Note the time of year of the death and the time of year of the burial. In New England, I've seen several obituaries from winter deaths that say someone will be buried later in the spring.
In the post The Frozen Chosen: Winter Grave Digging Meets Modern Times, Traci Rylands says:
Before the invention of the backhoe, there was only one way to dig a
grave and that was with a shovel. It could take quite a lot of
backbone and energy to accomplish even in warmer conditions. But when
the ground froze, it could be nearly impossible.
Often, families simply waited until spring to bury their loved ones.
The dead would be placed in what was called a receiving vault, where
they might wait a few weeks to a few months for burial.
The post shows several modern devices that can thaw the soil enough for burials to take place. If a cemetery is a small family cemetery, they may not have the equipment to thaw the soil enough for burial.

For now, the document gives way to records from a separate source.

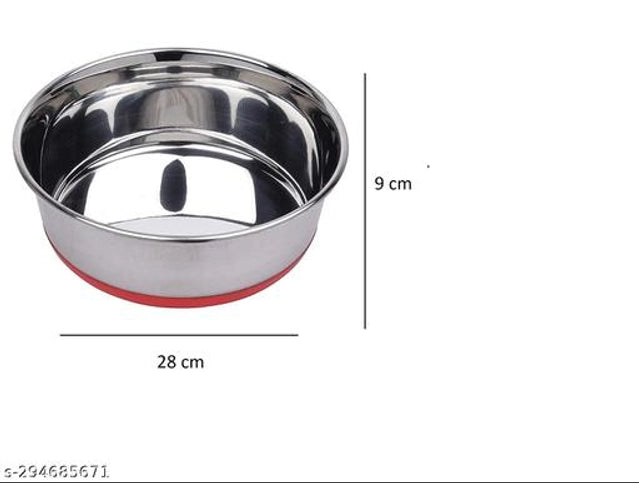 Stainless Steel Feeding Bowls (Multicolor, 1000 ml)Stainless Steel Feeding Bowls (Multicolor, 1000 Ml) | Extra Large Rust Proof Pet Food & Water Bowl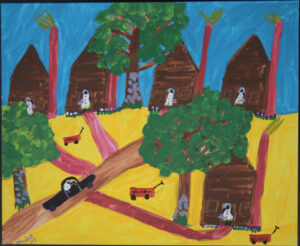 "Sharecroppers" d. 2009 by Woodie Long acrylic on paper 19" x 23" unframed $850 #13363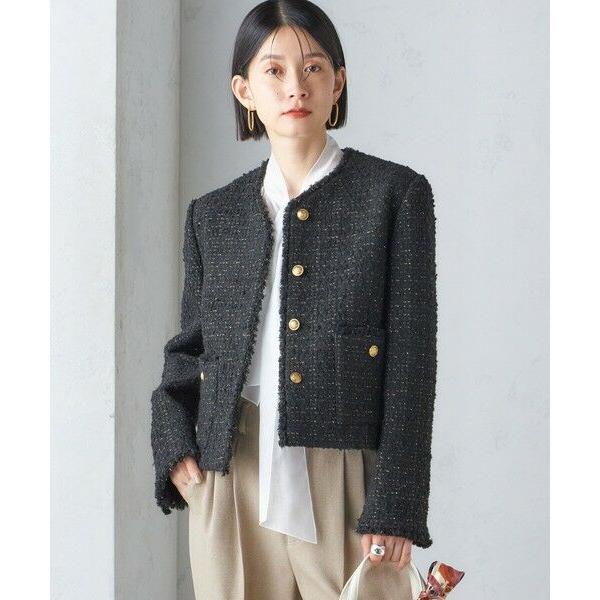 シップス　GIOLICA ツイード ジャケット 36 SHIPS（シップス） GIOLICA: ツイード ノーカラー ジャケット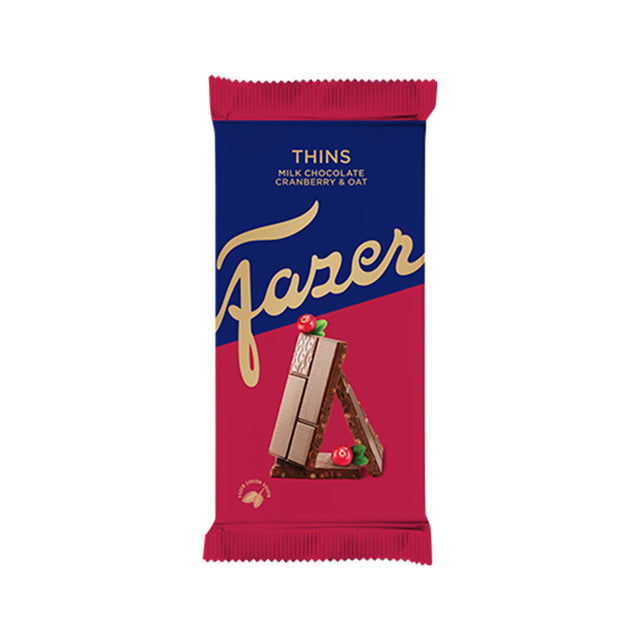 Karl Fazer Thins milk chocolate with cranberry and oat puffs 95g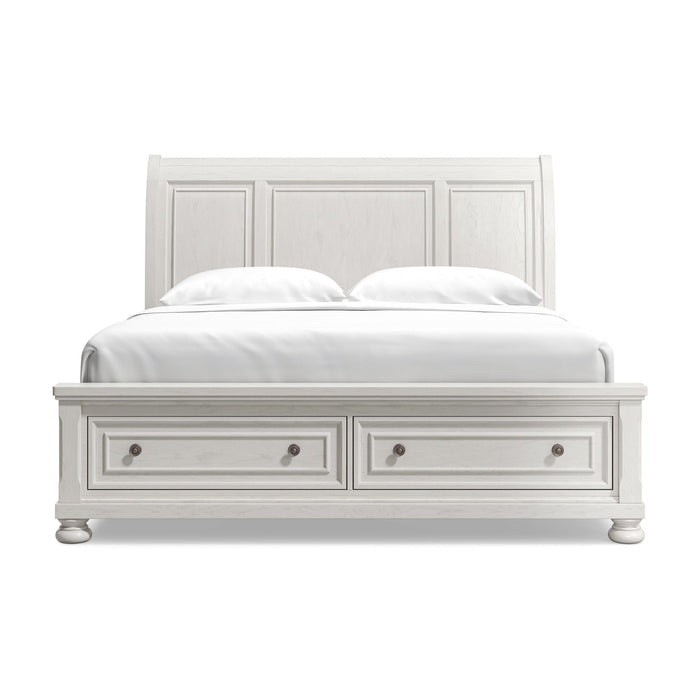 Robbinsdale California King Sleigh Bed with Storage with Mirrored Dresser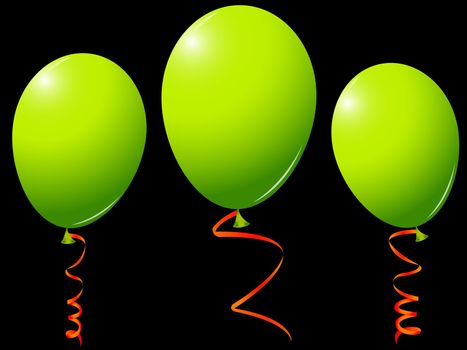 green balloons against black background, with orange ribbons; abstract vector art illustration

Check state law for your location to see whether winter burials are mandated (Minnesota and Wisconsin, according to the linked blog post) or whether burials can be suspended until the spring (e.g. North Dakota).
North Dakota funeral directors say a law requiring them to have winter burials would be impractical if not impossible for the hundreds of small rural cemeteries scattered across the sparsely populated state. Just plowing the country road to get to the cemetery can be an arduous task.
Perhaps this isn't obvious, but if no one can get to the cemetery in winter because of impassable country roads, holding a graveside service isn't practical. Spring graveside services for people who died in winter may be delayed even more because they may have to be scheduled around the services for people who died in the spring.